The B.C. government’s recently released hydrogen strategy – a thoughtful plan to create and use clean hydrogen – contains an implicit acknowledgement: the world is moving away from fossil fuels and toward low-carbon alternatives.

B.C. isn’t the only jurisdiction to see clean hydrogen as the new natural gas. A number of European Union nations, Western Australia, Oman and Saudi Arabia have together committed tens of billions of dollars to produce clean hydrogen to replace natural gas for domestic use and export.

The writing is already on the wall. Or more literally, in the pages of the International Energy Agency’s recent net-zero report, which concluded that no new oil and gas fields should be approved for development if we’re to limit climate change to 1.5°C.

Other models also forecast marginal or negative growth in natural gas production globally and domestically if nations follow through on their climate pledges. The Canada Energy Regulator, for example, finds that if no more liquefied natural gas (LNG) export terminals beyond LNG Canada’s Phase 1 and 2 are built, growth in Canadian natural gas production between 2019 and 2050 will be negative.

As for the competition, it’s not just hydrogen eating away at natural gas’ future market share. Since 2010, the cost of renewable energy has declined 82% for solar photovoltaics and 40% for onshore wind. Globally, new renewable power generation was cheaper than the cheapest new fossil fuel option 62% of the time last year.

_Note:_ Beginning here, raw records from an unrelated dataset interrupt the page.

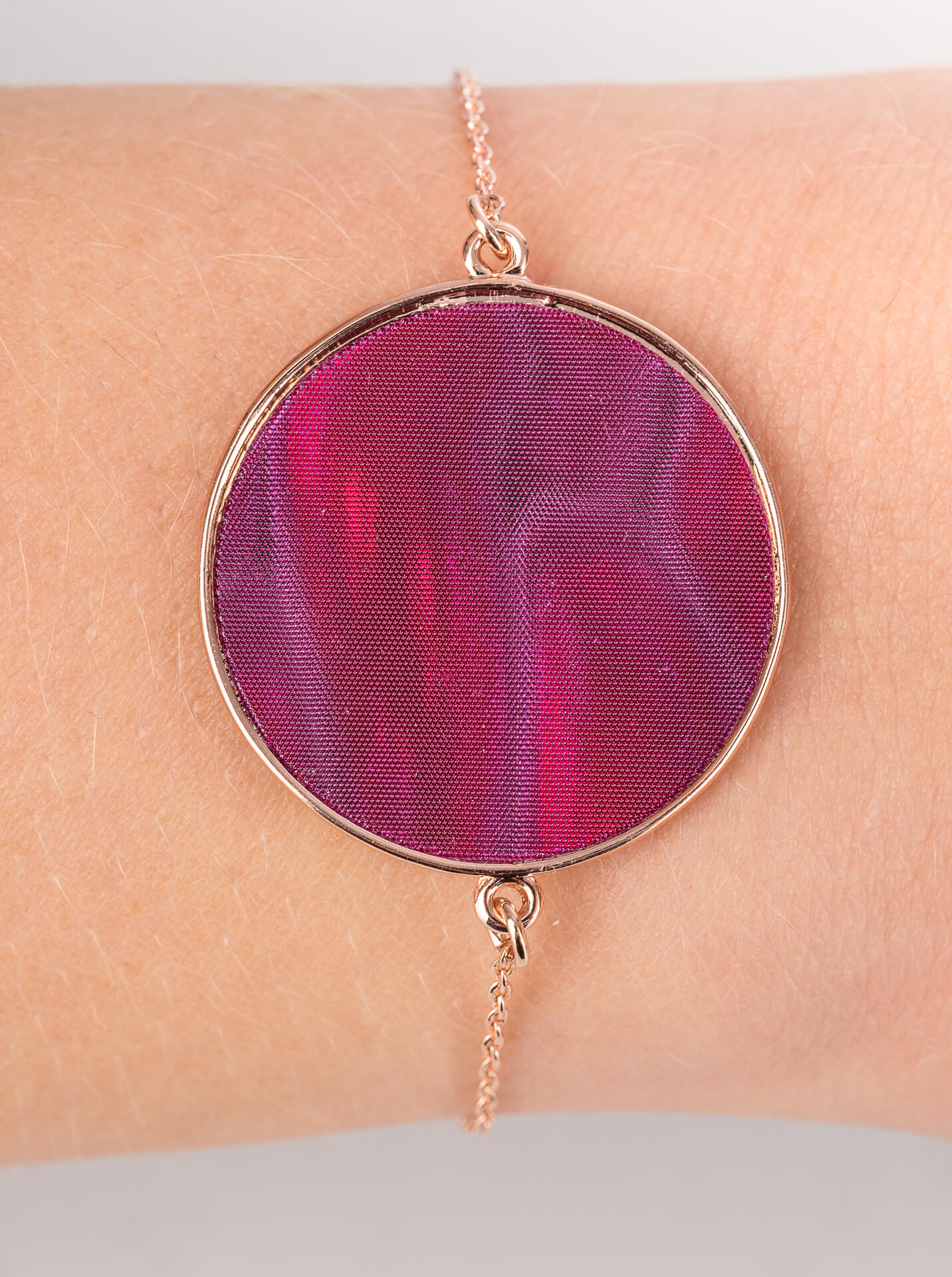 "Circle" feines Armband, rosé vergoldeter Anhänger, purpur schimmernd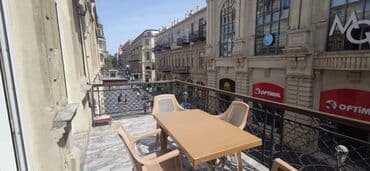 ev bayil: Bayılda yerləşən ümumi sahəsi 80 kv,m olan,2 otaqlı yaxşı təmirli — 25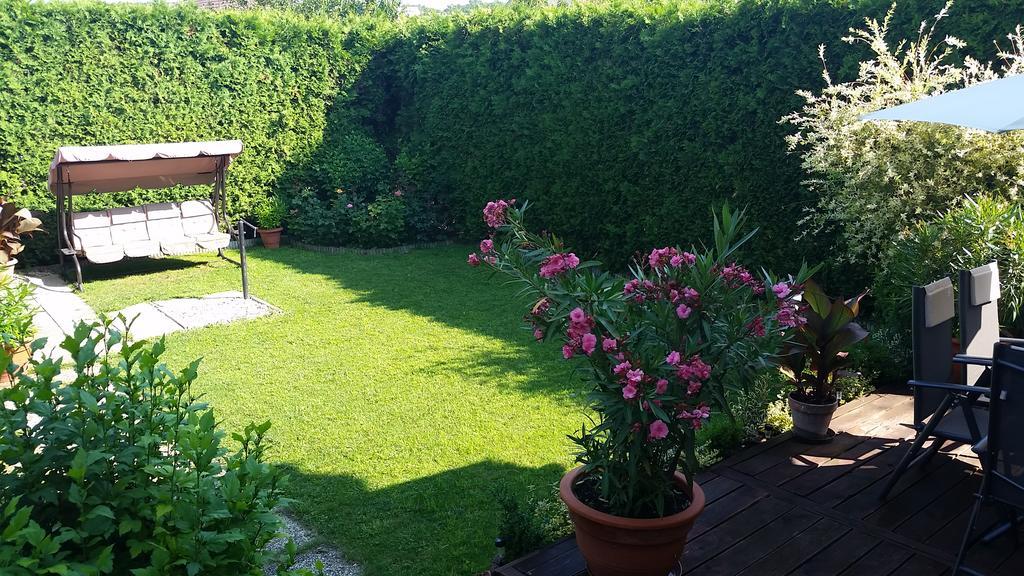 Fadora Apartman Тихани Екстериор снимка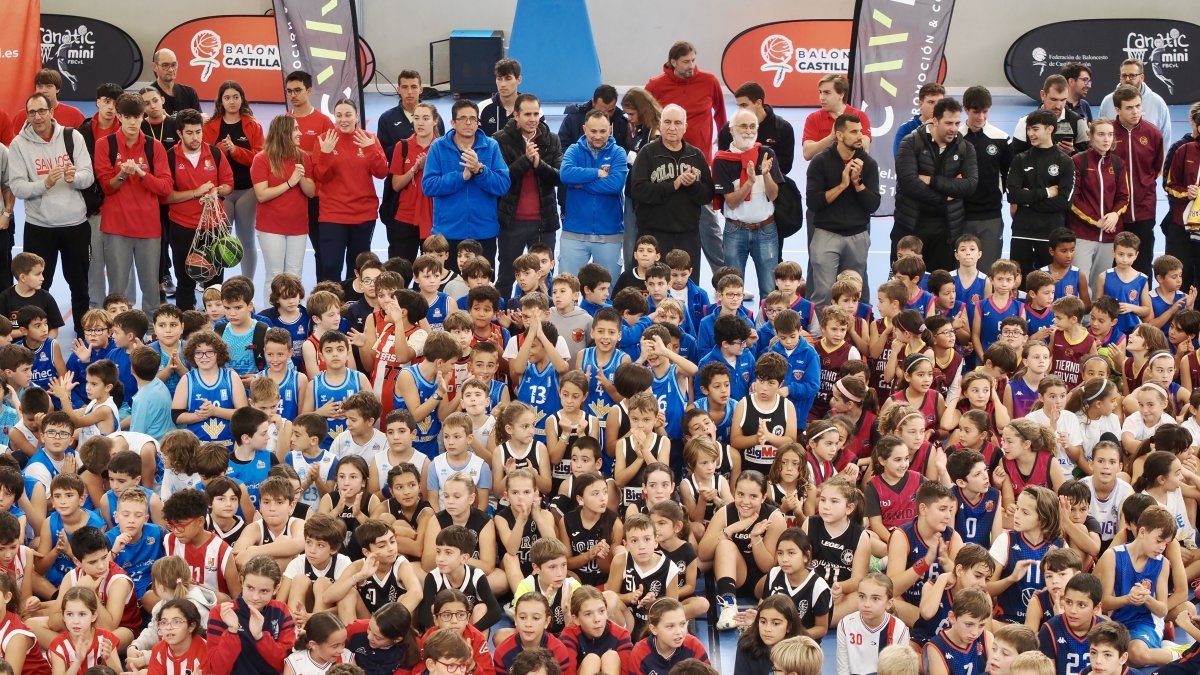 Fanatic Mini de Castilla y León en el polideportivo Barrio de las Delicias de Valladolid.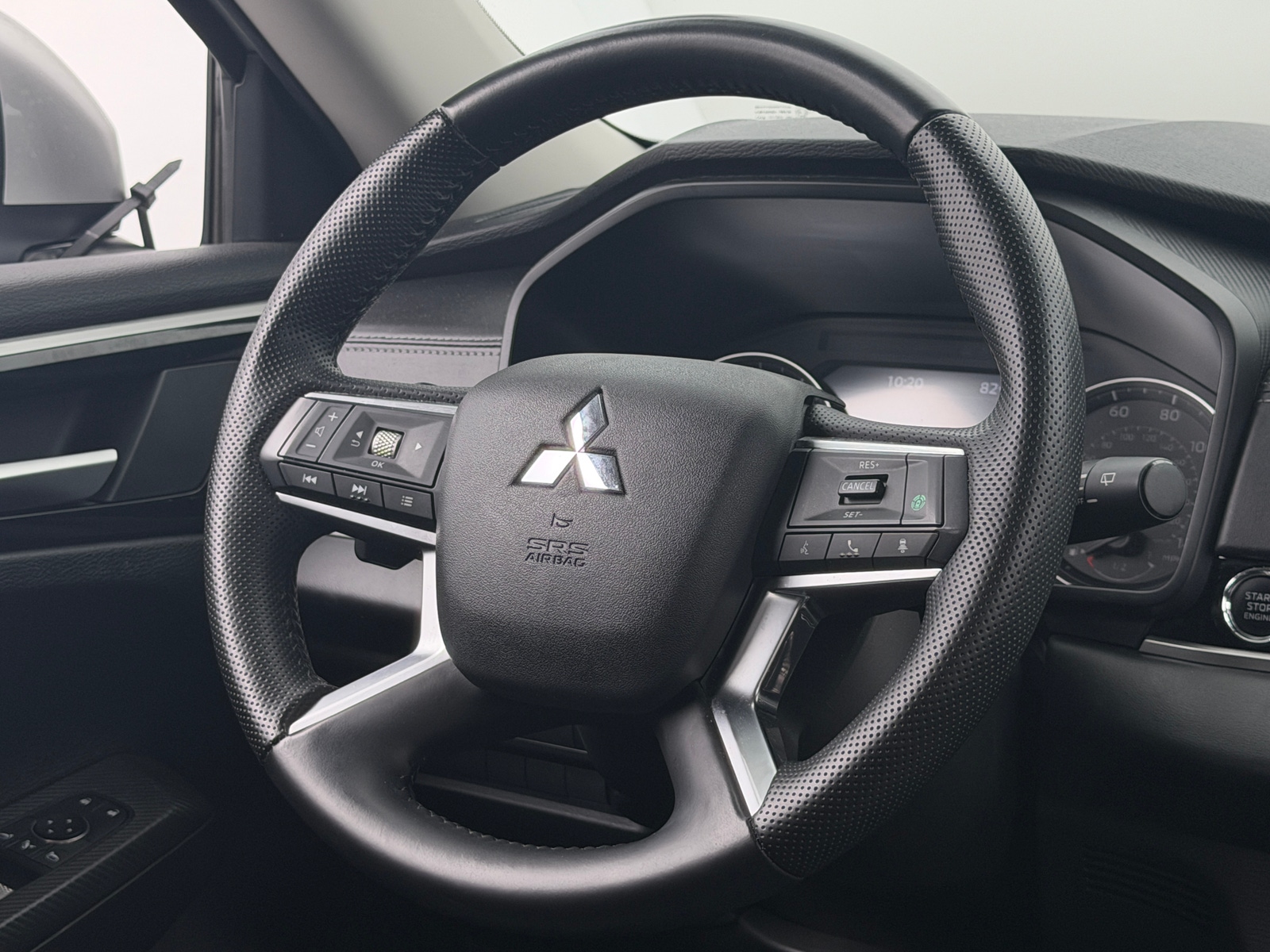 Thumbnail: 2024 Mitsubishi Outlander - 5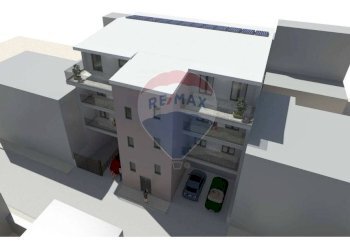 Documenti - Trilocale Vicolo II Duca degli Abruzzi
 
Snc, Afragola - foto 1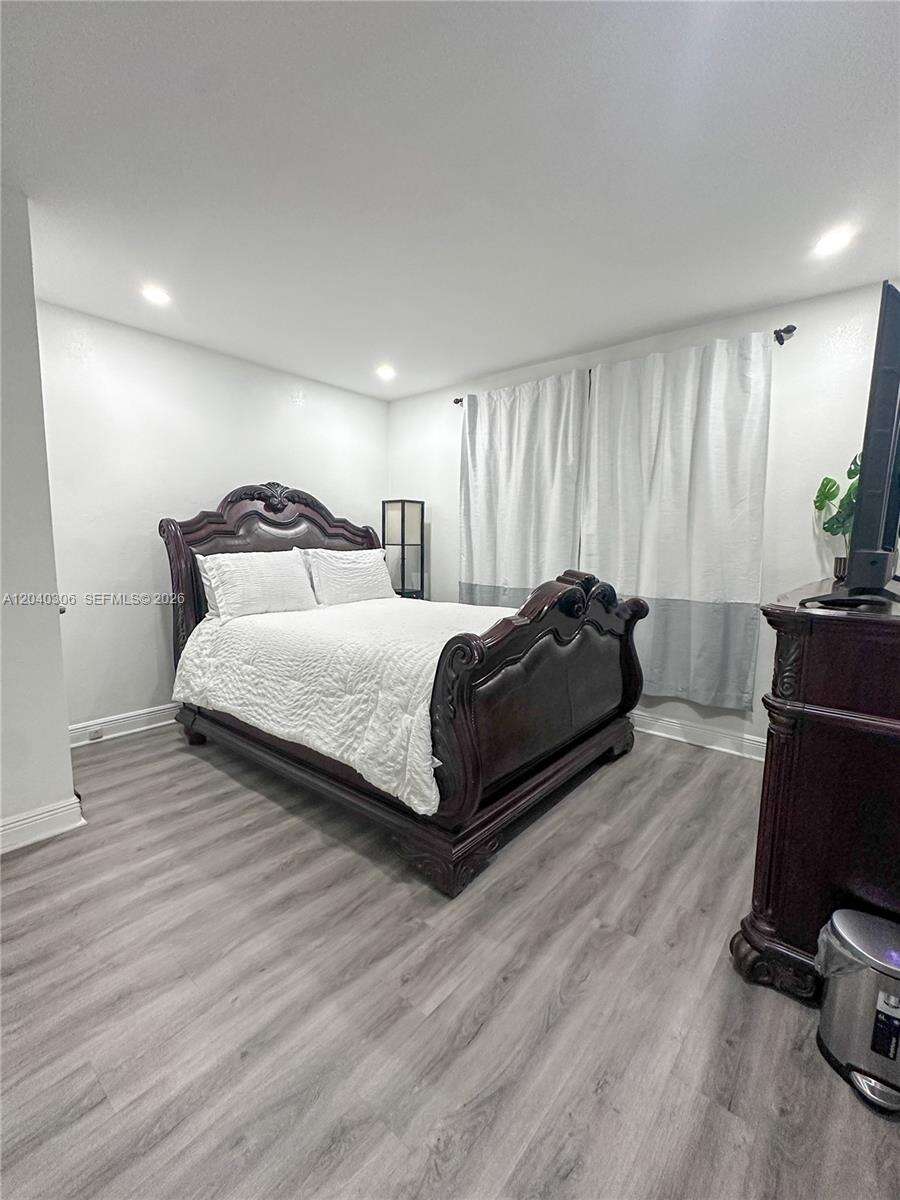 6930 Coolidge St, Hollywood, FL 33024 - Pending Sale photo 13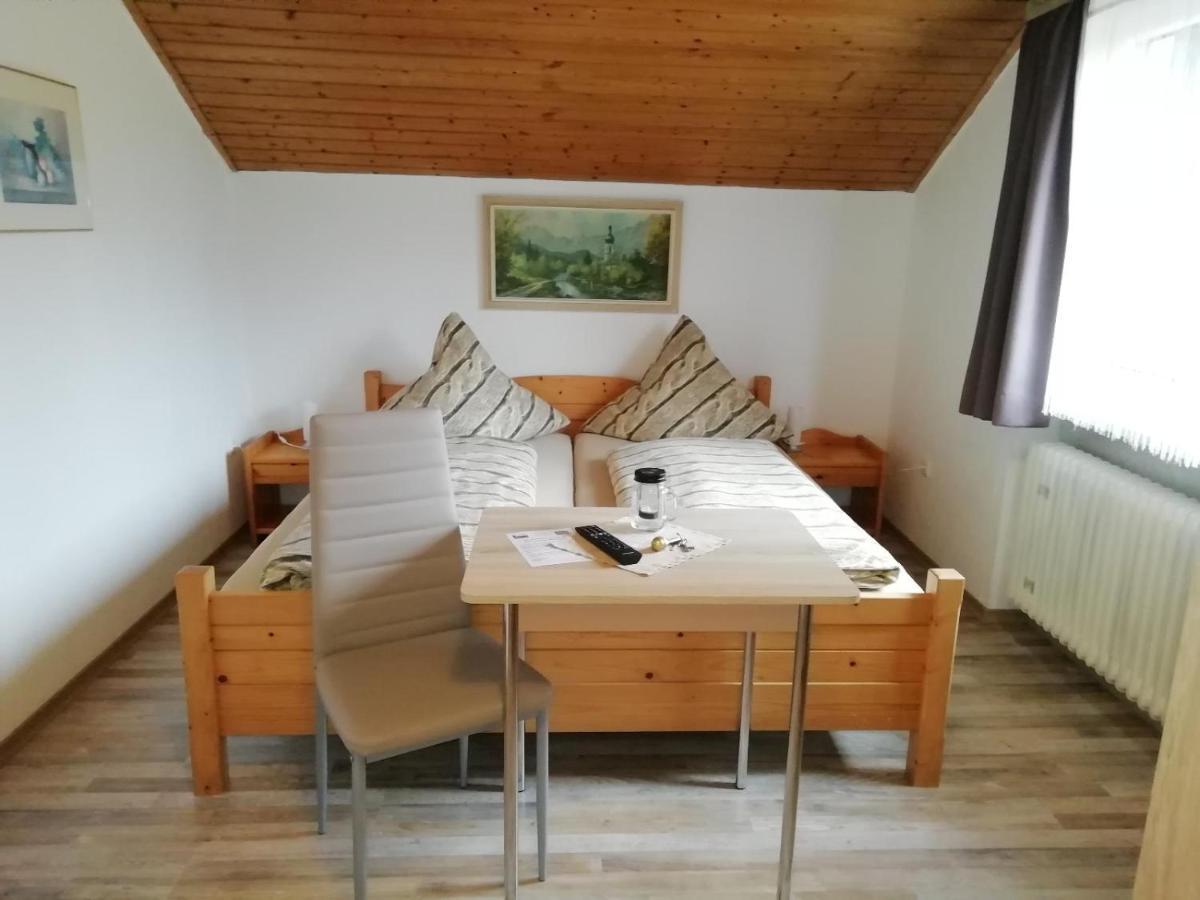 Pension Fohlenhof フラウエナウ エクステリア 写真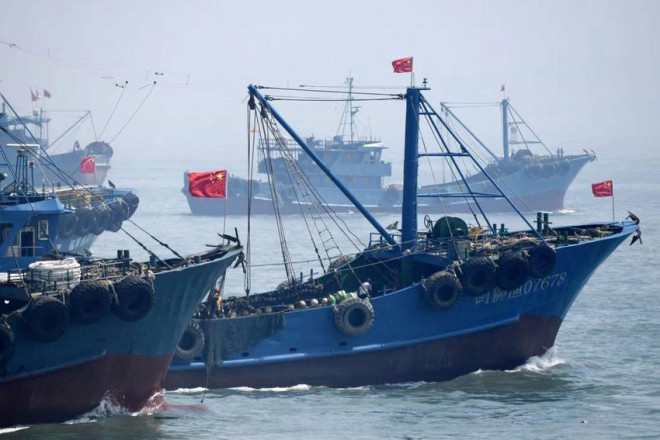 Tàu đánh cá mang cờ Trung Quốc. Ảnh: KYODO NEWS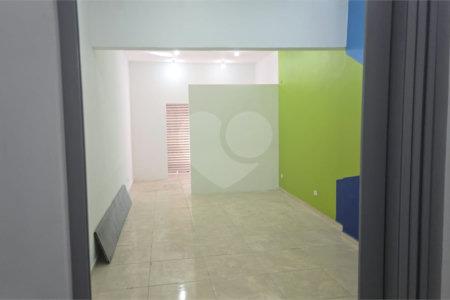 Salão para alugar em Vila Monte Belo, Itaquaquecetuba, SP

And if you’re inclined to point out that wind and solar are weather-dependent, battery costs to store renewable energy around the clock have dropped 70% since 2015 – with storage capacities up to 1,200 megawatts currently under development, a scale that’s roughly equal to the Site C dam.

Where does this all leave B.C.’s natural gas industry? Fortunately, the baby does not need to be thrown out with the bathwater. There are two ways the industry can manage through an inevitable global transition away from fossil fuels by 2050.

While B.C.’s long-term hydrogen future will likely be “green,” meaning made with clean electricity and water, in the short term, B.C. has an opportunity to also produce “blue” hydrogen. Blue hydrogen involves capturing CO2 from hydrogen production and storing it permanently underground. B.C. is ideally positioned to produce blue hydrogen from its natural gas reserves for use in industrial processes (such as refining and manufacturing). It can also be blended with natural gas in the nation’s gas grid or converted into ammonia or methanol for export to Asia, California and Europe.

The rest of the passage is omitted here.